● **Task brief**:
Below are some records. Print exactly the lines between the one holding "My Body’s Yours Chapter 8 – Page 79" and the one holding "пудовки и въже скачане, снимка 1", inclusive, and nothing else.

── Data shown ──

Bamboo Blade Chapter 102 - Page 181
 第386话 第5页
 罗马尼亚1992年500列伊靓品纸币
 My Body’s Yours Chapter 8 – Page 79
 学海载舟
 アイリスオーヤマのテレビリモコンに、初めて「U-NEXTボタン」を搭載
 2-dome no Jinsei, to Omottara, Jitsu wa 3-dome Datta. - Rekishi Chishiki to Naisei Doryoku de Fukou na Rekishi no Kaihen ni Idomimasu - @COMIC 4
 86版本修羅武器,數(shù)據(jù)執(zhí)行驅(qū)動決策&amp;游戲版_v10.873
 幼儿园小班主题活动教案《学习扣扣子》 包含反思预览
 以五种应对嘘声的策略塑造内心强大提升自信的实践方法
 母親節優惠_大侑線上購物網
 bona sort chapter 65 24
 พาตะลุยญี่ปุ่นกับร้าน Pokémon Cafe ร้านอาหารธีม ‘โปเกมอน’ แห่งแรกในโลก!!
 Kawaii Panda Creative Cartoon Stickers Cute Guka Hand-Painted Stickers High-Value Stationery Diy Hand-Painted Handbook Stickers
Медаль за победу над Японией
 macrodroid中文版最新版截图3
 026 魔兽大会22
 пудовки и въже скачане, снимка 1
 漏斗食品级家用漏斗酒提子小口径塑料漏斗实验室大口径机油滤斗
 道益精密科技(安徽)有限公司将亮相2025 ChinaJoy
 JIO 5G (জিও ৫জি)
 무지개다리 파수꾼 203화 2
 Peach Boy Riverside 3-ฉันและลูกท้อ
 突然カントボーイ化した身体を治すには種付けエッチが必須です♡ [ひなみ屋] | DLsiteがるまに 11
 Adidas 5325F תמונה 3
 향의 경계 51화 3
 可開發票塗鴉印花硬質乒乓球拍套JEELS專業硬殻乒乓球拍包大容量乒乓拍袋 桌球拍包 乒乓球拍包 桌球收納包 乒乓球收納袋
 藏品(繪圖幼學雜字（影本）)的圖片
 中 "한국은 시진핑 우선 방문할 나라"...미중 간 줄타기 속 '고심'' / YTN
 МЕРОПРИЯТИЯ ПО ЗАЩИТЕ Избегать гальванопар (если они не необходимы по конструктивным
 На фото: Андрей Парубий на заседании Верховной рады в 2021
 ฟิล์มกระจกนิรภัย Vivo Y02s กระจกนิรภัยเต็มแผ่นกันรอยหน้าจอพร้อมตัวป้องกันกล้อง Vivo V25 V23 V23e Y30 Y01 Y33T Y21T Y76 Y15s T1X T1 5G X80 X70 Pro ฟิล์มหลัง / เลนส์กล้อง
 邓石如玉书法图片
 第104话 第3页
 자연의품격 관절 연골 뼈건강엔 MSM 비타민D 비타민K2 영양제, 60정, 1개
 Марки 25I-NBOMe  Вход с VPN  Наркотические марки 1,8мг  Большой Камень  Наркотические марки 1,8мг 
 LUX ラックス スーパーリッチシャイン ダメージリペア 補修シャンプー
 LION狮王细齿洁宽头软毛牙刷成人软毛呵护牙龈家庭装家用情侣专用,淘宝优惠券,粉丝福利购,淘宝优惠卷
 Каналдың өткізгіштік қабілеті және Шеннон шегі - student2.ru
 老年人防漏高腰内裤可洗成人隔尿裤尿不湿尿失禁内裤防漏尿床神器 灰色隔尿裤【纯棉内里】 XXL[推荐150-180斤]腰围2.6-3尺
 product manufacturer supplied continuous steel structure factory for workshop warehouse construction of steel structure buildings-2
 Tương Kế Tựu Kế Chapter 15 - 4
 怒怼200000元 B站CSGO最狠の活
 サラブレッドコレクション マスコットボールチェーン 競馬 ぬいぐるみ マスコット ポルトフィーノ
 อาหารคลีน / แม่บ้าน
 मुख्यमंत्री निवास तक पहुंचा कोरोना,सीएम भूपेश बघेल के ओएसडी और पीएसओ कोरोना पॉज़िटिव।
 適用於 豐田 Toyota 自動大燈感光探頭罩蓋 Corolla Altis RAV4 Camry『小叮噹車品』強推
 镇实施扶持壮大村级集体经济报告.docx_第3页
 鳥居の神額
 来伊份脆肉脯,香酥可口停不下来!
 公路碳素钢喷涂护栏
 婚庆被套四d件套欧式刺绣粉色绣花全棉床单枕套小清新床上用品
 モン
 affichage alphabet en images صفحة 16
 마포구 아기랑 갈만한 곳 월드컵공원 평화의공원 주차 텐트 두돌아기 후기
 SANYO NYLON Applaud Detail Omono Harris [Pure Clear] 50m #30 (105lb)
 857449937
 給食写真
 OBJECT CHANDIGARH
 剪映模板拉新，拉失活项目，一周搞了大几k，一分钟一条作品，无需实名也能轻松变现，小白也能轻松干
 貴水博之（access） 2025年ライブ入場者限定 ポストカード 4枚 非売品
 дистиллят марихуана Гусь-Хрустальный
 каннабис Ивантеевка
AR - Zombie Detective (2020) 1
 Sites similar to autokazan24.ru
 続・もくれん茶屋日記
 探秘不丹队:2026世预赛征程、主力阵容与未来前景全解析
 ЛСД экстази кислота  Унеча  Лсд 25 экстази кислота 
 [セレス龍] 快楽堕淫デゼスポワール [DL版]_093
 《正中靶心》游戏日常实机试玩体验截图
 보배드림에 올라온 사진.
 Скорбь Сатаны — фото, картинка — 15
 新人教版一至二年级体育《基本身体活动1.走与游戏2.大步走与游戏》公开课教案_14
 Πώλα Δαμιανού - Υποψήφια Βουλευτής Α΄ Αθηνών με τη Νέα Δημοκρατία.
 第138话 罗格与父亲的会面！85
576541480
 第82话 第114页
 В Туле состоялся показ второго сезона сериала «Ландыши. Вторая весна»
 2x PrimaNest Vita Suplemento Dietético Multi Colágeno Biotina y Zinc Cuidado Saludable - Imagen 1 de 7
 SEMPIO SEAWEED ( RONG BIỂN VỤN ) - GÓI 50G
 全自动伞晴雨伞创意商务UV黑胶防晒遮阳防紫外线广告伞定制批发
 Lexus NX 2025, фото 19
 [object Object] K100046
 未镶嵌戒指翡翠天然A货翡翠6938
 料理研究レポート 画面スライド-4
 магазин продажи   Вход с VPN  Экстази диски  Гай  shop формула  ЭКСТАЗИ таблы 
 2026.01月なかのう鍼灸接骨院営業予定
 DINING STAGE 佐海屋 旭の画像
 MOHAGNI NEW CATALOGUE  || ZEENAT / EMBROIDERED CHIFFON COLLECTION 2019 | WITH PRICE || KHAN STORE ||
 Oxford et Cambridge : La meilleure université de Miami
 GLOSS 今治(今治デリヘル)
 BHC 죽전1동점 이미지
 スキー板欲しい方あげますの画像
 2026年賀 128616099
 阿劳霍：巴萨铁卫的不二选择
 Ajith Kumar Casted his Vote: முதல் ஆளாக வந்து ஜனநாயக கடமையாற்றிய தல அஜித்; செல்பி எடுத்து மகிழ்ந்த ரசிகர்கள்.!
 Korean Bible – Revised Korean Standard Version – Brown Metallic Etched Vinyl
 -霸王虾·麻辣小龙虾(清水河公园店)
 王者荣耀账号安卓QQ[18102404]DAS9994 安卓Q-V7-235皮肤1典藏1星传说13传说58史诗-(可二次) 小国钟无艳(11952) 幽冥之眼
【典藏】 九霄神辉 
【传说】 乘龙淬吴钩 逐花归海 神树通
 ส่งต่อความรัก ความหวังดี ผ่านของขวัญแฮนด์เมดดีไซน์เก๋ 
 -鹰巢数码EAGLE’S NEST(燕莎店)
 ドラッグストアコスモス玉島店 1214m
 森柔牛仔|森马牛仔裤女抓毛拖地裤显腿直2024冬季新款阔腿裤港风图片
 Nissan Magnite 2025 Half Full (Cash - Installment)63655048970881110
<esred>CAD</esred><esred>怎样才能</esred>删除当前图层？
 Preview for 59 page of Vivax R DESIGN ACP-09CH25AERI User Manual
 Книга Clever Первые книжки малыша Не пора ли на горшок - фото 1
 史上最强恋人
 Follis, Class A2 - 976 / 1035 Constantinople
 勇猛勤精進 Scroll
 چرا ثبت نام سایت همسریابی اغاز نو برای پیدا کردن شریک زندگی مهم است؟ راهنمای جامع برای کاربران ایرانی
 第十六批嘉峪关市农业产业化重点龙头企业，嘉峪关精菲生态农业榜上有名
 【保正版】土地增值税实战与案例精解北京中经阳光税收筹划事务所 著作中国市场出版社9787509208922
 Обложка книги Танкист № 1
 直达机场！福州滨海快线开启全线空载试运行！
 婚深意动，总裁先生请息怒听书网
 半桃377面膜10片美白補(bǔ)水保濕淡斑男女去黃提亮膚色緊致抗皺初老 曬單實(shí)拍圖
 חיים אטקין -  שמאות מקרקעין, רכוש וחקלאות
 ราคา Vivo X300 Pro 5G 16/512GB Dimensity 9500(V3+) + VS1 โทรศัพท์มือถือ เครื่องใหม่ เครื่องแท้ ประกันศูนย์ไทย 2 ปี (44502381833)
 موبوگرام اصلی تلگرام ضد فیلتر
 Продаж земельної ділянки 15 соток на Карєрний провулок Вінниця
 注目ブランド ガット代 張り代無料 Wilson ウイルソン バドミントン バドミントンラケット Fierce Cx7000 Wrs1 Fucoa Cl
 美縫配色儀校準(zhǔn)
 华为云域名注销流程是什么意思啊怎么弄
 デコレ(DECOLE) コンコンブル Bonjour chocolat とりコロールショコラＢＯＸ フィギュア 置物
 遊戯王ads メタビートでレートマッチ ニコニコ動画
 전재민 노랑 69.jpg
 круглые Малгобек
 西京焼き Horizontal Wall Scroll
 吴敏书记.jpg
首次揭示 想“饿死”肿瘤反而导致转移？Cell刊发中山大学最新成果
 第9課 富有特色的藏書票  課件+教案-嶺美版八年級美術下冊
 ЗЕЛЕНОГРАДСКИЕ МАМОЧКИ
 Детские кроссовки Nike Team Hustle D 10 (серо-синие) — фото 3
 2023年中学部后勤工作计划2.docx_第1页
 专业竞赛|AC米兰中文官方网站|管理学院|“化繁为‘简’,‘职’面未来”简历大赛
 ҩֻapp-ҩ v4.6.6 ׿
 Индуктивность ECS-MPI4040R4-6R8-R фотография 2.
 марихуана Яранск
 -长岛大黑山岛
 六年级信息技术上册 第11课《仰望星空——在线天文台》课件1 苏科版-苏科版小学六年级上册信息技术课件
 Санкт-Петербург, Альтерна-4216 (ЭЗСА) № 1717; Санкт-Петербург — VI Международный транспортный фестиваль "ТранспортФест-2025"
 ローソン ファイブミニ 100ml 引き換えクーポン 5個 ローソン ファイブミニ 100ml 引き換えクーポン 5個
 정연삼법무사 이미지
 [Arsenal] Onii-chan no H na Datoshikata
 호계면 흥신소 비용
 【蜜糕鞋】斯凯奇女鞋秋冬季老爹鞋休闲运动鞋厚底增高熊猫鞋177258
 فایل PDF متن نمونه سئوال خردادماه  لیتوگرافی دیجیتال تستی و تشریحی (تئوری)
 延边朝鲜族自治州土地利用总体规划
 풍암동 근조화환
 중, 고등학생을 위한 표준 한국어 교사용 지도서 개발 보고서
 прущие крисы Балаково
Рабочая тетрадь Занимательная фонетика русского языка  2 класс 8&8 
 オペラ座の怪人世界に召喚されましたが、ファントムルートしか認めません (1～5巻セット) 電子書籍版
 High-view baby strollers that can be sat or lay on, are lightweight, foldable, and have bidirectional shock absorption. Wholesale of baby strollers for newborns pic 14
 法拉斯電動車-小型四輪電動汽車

───

● **Written solution**:
 My Body’s Yours Chapter 8 – Page 79
 学海载舟
 アイリスオーヤマのテレビリモコンに、初めて「U-NEXTボタン」を搭載
 2-dome no Jinsei, to Omottara, Jitsu wa 3-dome Datta. - Rekishi Chishiki to Naisei Doryoku de Fukou na Rekishi no Kaihen ni Idomimasu - @COMIC 4
 86版本修羅武器,數(shù)據(jù)執(zhí)行驅(qū)動決策&amp;游戲版_v10.873
 幼儿园小班主题活动教案《学习扣扣子》 包含反思预览
 以五种应对嘘声的策略塑造内心强大提升自信的实践方法
 母親節優惠_大侑線上購物網
 bona sort chapter 65 24
 พาตะลุยญี่ปุ่นกับร้าน Pokémon Cafe ร้านอาหารธีม ‘โปเกมอน’ แห่งแรกในโลก!!
 Kawaii Panda Creative Cartoon Stickers Cute Guka Hand-Painted Stickers High-Value Stationery Diy Hand-Painted Handbook Stickers
Медаль за победу над Японией
 macrodroid中文版最新版截图3
 026 魔兽大会22
 пудовки и въже скачане, снимка 1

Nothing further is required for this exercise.